__Problem details__. The output should be the listing below, limited to the lines from the one with "Zdjęcie w galerii" through the one with "ビル一棟丸ごと店舗です。", exact and without pictures.

__Material shown__.
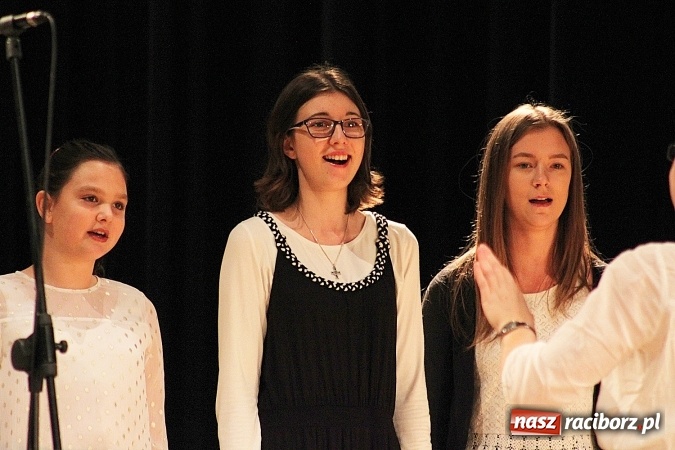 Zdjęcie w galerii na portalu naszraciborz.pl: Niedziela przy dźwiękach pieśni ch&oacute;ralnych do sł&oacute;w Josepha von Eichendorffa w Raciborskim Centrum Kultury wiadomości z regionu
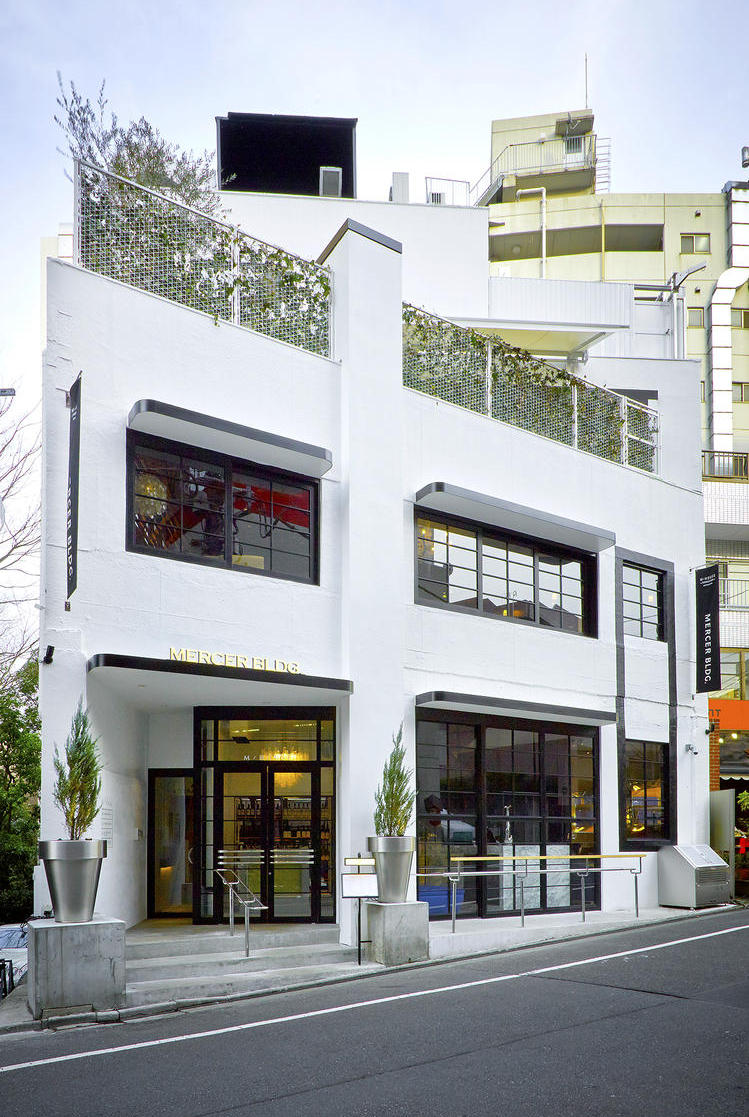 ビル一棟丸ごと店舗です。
* * *
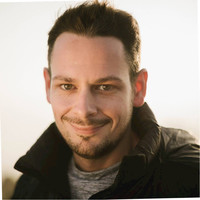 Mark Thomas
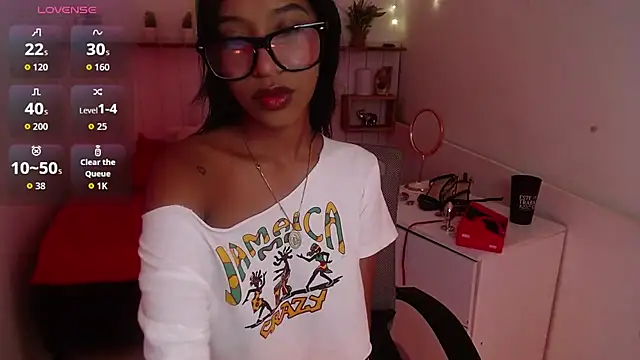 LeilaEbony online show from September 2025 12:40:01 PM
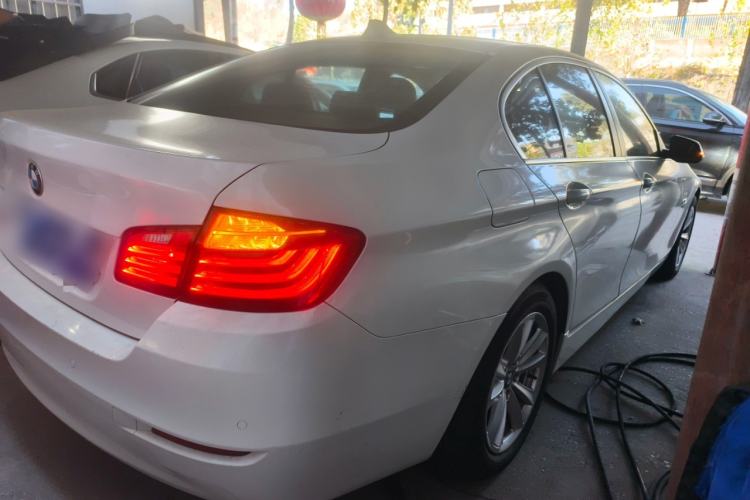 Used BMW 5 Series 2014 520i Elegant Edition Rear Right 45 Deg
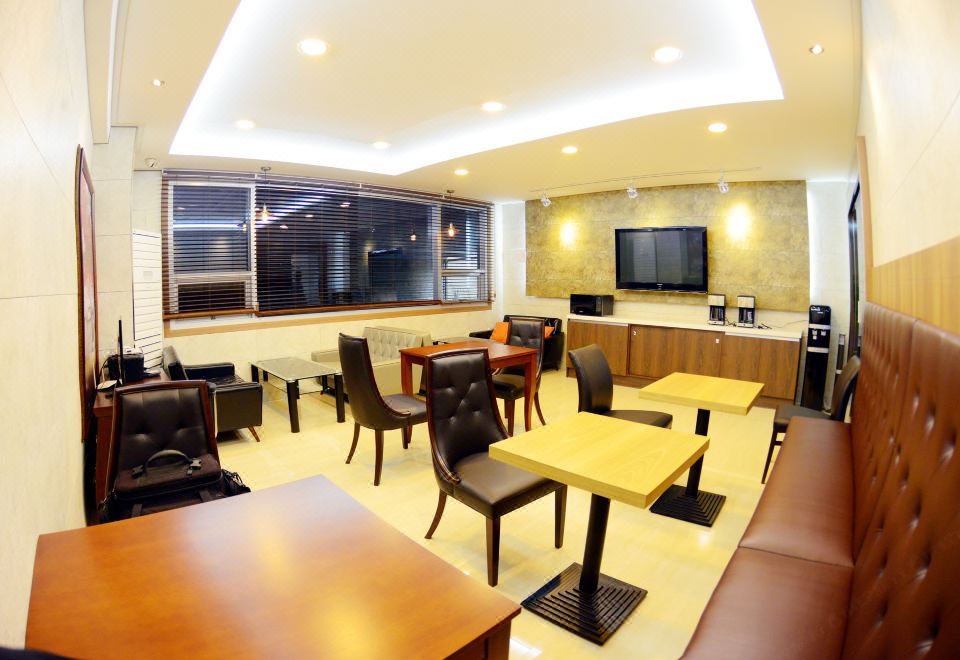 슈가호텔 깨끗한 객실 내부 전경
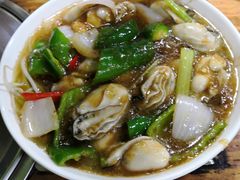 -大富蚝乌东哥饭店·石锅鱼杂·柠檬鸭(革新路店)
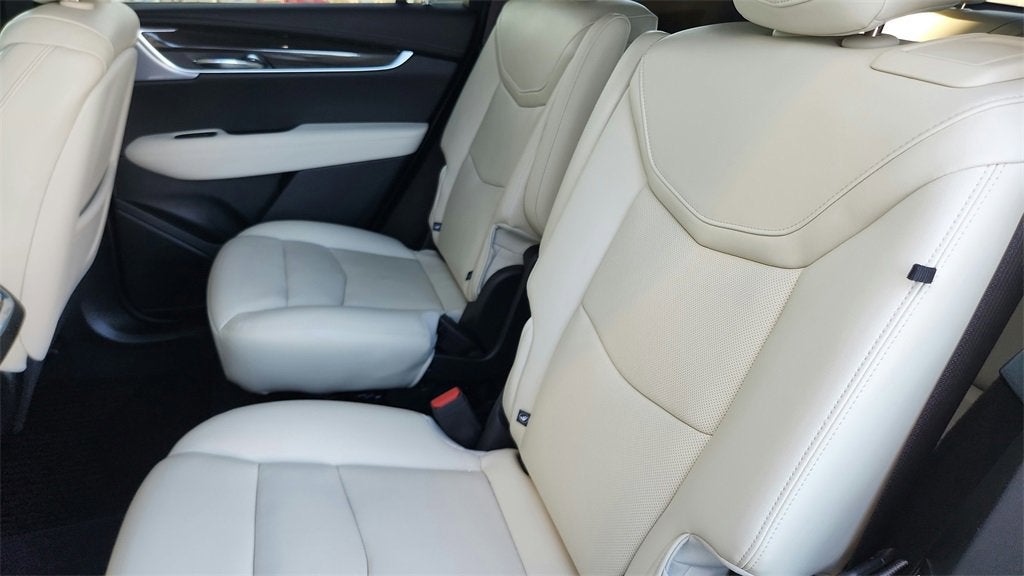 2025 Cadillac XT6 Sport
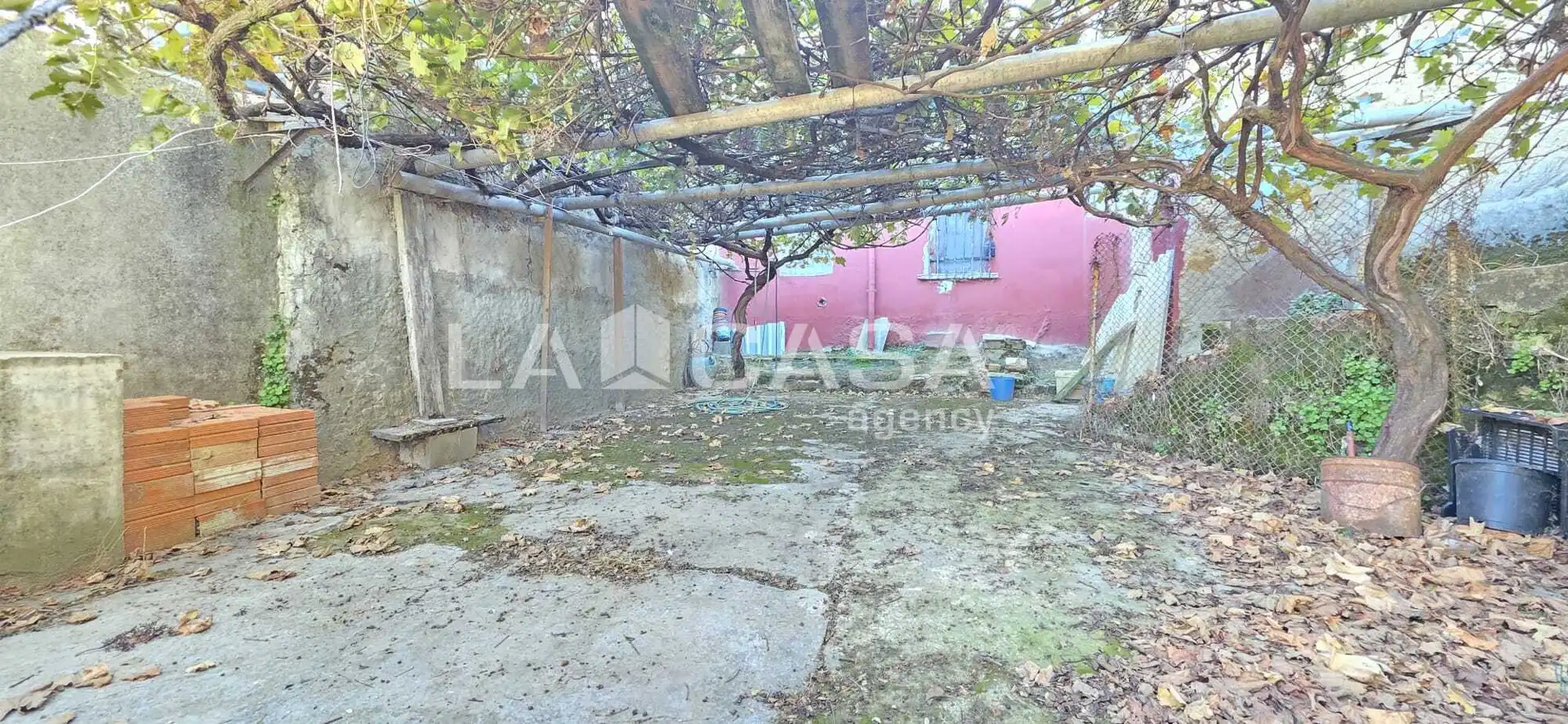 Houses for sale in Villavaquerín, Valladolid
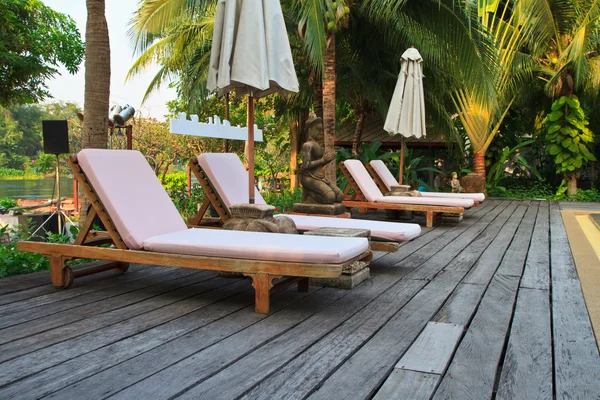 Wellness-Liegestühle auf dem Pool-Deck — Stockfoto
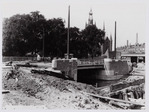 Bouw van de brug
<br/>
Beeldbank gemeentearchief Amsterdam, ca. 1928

__Response box__.
 Zdjęcie w galerii na portalu naszraciborz.pl: Niedziela przy dźwiękach pieśni ch&oacute;ralnych do sł&oacute;w Josepha von Eichendorffa w Raciborskim Centrum Kultury wiadomości z regionu
 ビル一棟丸ごと店舗です。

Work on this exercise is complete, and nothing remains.